3.5. Summary of the Relevant Publications Based on AI Task Type

Table 1 summarizes the relevant publications based on AI task type that were referenced in several categories: Triage and early diagnosis, diagnosis and severity prediction, radiological imaging, intraoperative assistance, postoperative complications and prognosis, and histopathological analysis [21,22,23,24,25,26,27,28,33,46,47,48,49,50,51,53,54,55,56,57].
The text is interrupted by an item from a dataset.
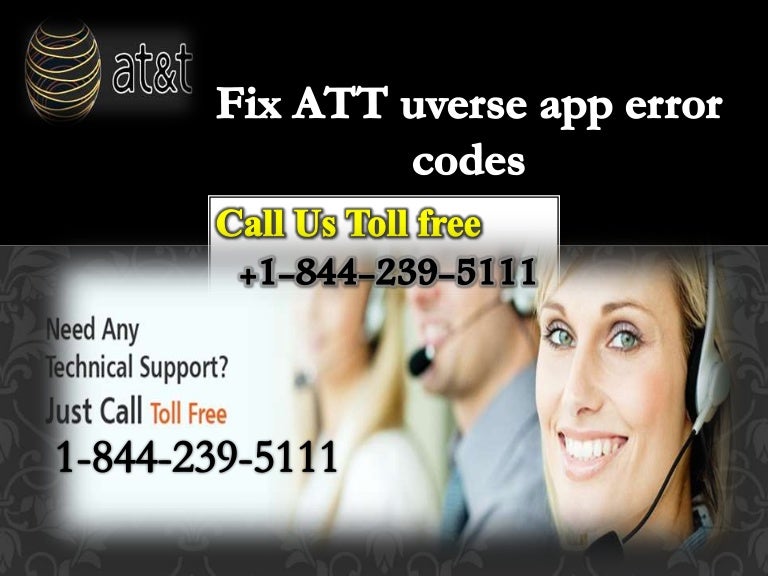Fix att uverse app error codes 18442395111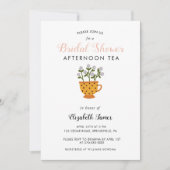 Moderne Vrijgezellenfeest Tea Party Kaart (Voorkant)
4. Future Directions and Limitations

Artificial intelligence holds the potential to revolutionize the diagnostic and treatment processes for acute appendicitis by enhancing diagnostic accuracy, speed, and consistency. Future directions in AI development should focus on integrating these technologies into various stages of patient care to maximize their impact. In the diagnostic processes, AI models could evolve to include multi-modal data integration, combining clinical, laboratory, radiological, and demographic data to create highly accurate, real-time diagnostic tools. These tools could improve triage by identifying high-risk populations, streamlining diagnostic workflows, and reducing waiting times in emergency departments. As a next step, AI models could analyze demographic and anamnestic data, laboratory results, and clinical findings to stratify patients into risk categories or directly diagnose acute appendicitis. When diagnostic uncertainty persists, AI systems utilizing radiomics could analyze radiological imaging or provide accurate diagnostic insights (Figure 2).
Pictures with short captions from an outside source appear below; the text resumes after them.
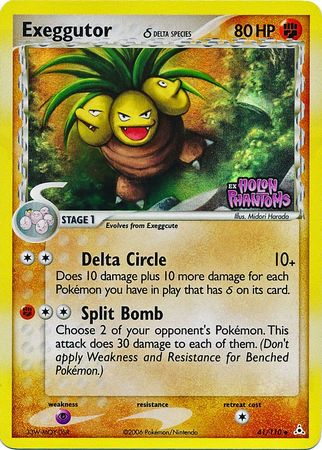 Exeggutor (41/110) (Delta Species) (Stamped) [EX: Holon Phantoms] | Dumpster Cat Games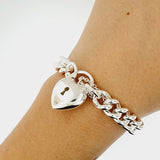 Sterling Silver Padlock Bracelet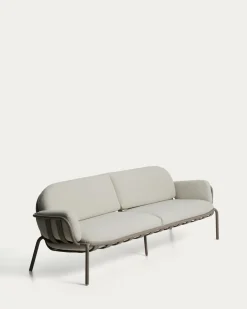 Kave Home 3-Zitsbank Joncols Outdoor Aluminium Taupe Beige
Furthermore, AI models could be used to predict the severity of appendicitis to decide on the best treatment options, antibiotic treatment, or to assist in deciding between conservative and surgical treatment. With further development and widespread usage of digital pathology, AI models could also potentially analyze histological specimens autonomously, providing consistent and precise diagnoses. Collectively, these advancements could standardize and streamline the diagnostic process, reducing variability among clinicians and ensuring equitable care.
In the surgical domain, AI has the potential to reshape both training and operative procedures. AI-powered tools can serve as educational platforms for surgeons, offering automated performance assessments and feedback based on video analysis of procedures. By evaluating intraoperative benchmarks, such as the completion of the critical view of safety, AI can objectively assess surgical competency and guide targeted skill development. During surgery, real-time AI-driven guidance systems could support surgeons by identifying anatomical structures, predicting surgery duration, or providing alerts for deviations from standard protocols. These capabilities could reduce intraoperative errors, enhance patient safety, and improve surgical outcomes. Postoperatively, AI models could play a critical role in predicting and mitigating complications. By continuously analyzing patient recovery data, such as vitals, laboratory values, and imaging, AI systems could provide early warning of complications, allowing for timely interventions. Additionally, AI could facilitate personalized recovery plans by predicting patient-specific risks and tailoring follow-up care. Based on the above-mentioned reasoning, we designed an integrated AI-assisted workflow for putative patients presenting with symptoms of acute appendicitis (Figure 3).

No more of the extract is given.